=== To do ===
Take the records below and set down exactly the lines from the one with "Dramatic Drone Perspective" to the one with "Ein moderner Poolbereich", ends included; do not copy the pictures.

=== Information ===

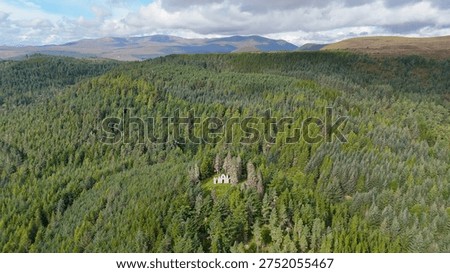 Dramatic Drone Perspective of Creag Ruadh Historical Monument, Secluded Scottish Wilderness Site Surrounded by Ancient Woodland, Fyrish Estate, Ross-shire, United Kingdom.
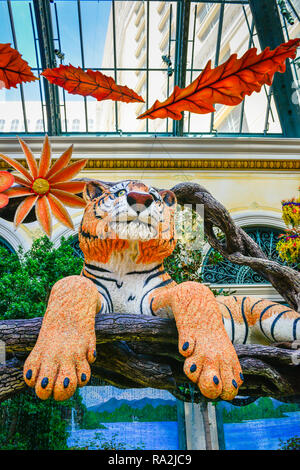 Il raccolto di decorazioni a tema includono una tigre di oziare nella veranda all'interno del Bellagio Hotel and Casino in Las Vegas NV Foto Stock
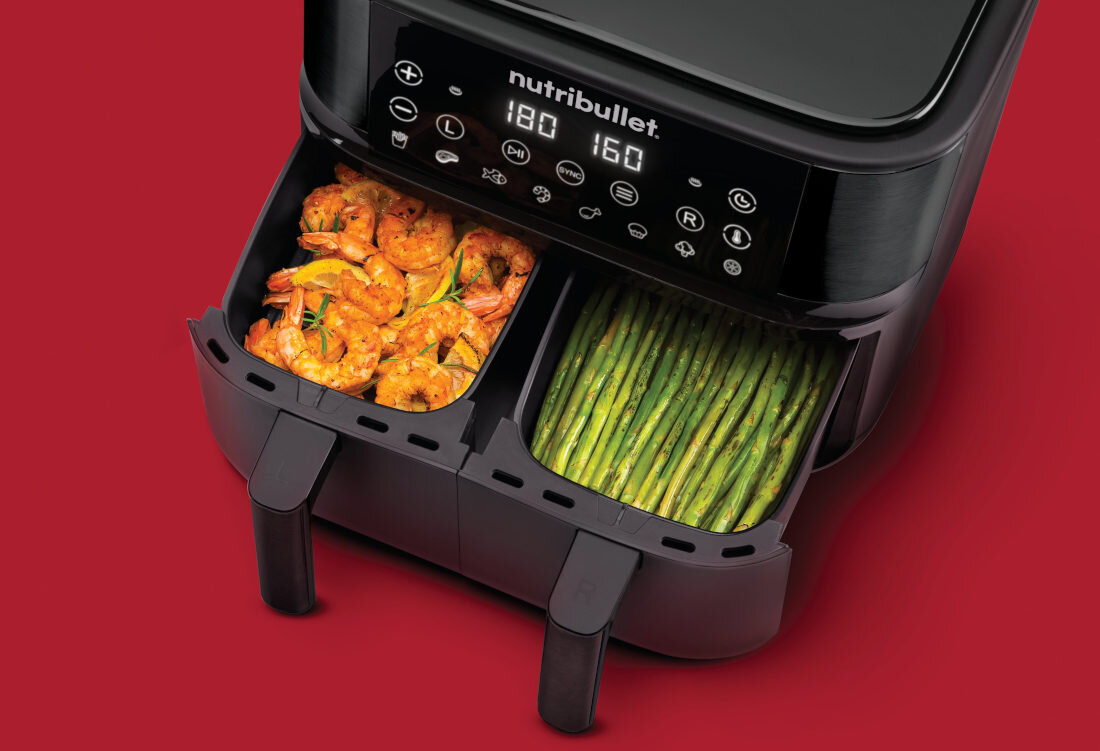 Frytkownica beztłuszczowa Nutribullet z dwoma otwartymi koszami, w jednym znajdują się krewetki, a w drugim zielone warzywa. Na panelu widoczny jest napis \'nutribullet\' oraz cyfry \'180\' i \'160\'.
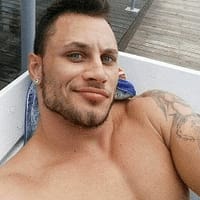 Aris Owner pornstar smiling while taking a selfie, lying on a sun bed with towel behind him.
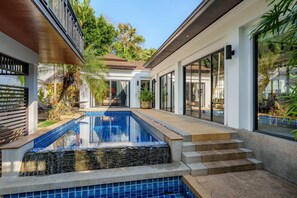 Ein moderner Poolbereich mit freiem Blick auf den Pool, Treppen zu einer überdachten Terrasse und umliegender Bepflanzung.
--
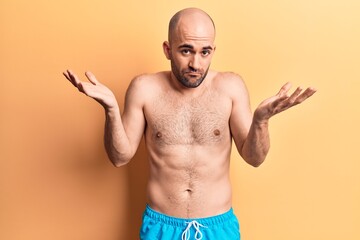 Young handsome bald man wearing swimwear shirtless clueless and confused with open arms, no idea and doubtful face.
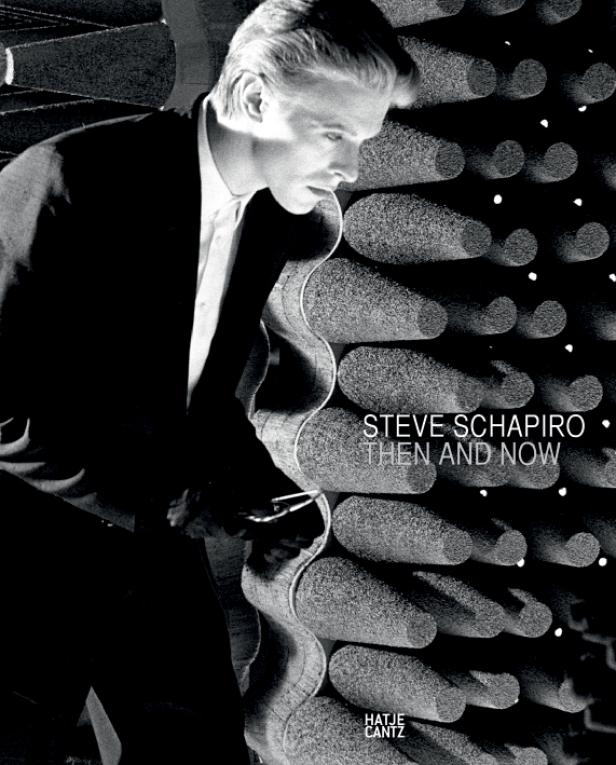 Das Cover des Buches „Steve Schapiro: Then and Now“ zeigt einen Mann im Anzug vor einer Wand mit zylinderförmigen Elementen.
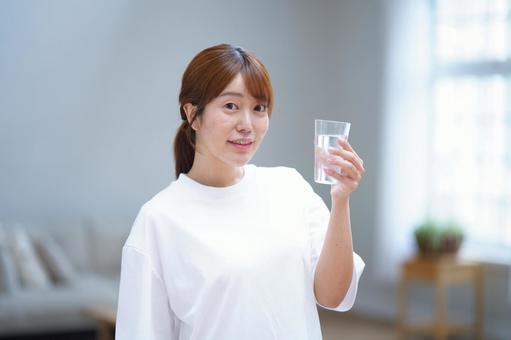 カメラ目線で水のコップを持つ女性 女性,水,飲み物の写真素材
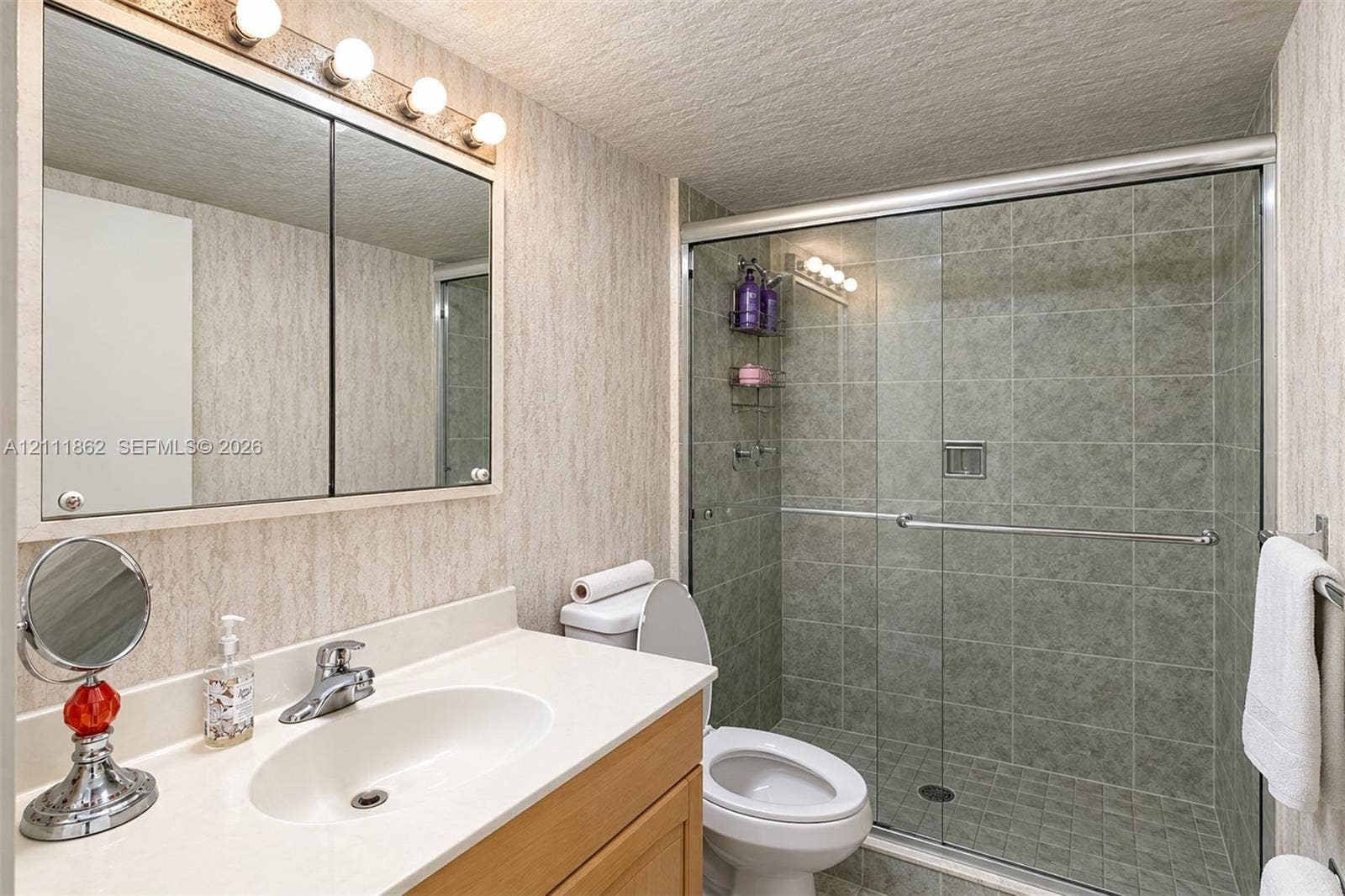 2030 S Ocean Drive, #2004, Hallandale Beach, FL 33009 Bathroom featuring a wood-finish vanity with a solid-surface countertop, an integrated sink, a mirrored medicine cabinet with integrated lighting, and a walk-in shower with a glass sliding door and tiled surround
...
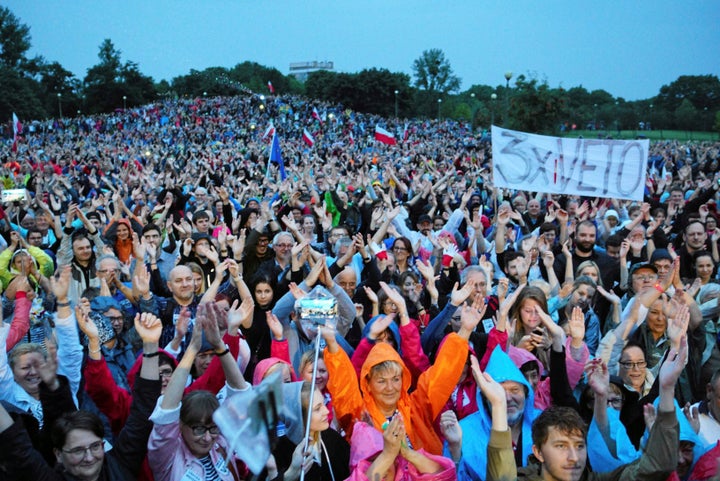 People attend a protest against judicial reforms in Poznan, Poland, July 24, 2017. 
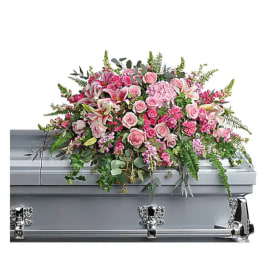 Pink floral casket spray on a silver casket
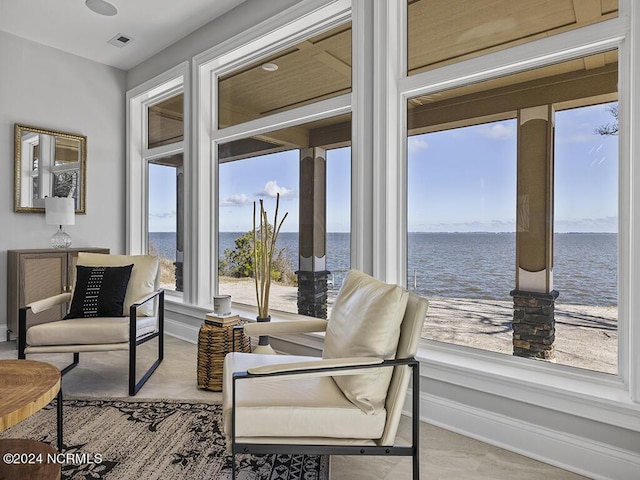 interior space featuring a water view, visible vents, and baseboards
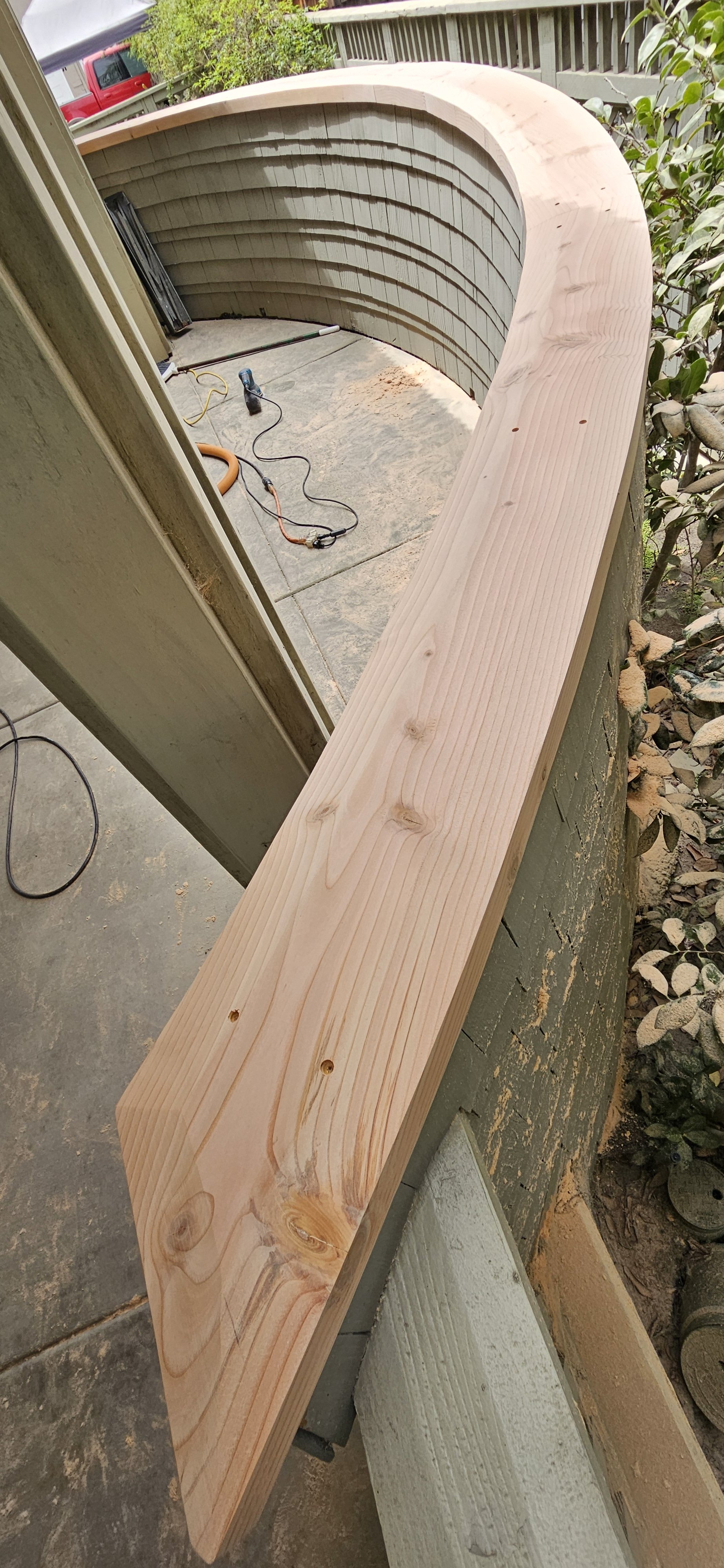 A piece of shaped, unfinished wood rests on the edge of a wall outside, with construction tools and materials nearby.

=== Response to this task ===
 Dramatic Drone Perspective of Creag Ruadh Historical Monument, Secluded Scottish Wilderness Site Surrounded by Ancient Woodland, Fyrish Estate, Ross-shire, United Kingdom.
 Il raccolto di decorazioni a tema includono una tigre di oziare nella veranda all'interno del Bellagio Hotel and Casino in Las Vegas NV Foto Stock
 Frytkownica beztłuszczowa Nutribullet z dwoma otwartymi koszami, w jednym znajdują się krewetki, a w drugim zielone warzywa. Na panelu widoczny jest napis \'nutribullet\' oraz cyfry \'180\' i \'160\'.
 Aris Owner pornstar smiling while taking a selfie, lying on a sun bed with towel behind him.
 Ein moderner Poolbereich mit freiem Blick auf den Pool, Treppen zu einer überdachten Terrasse und umliegender Bepflanzung.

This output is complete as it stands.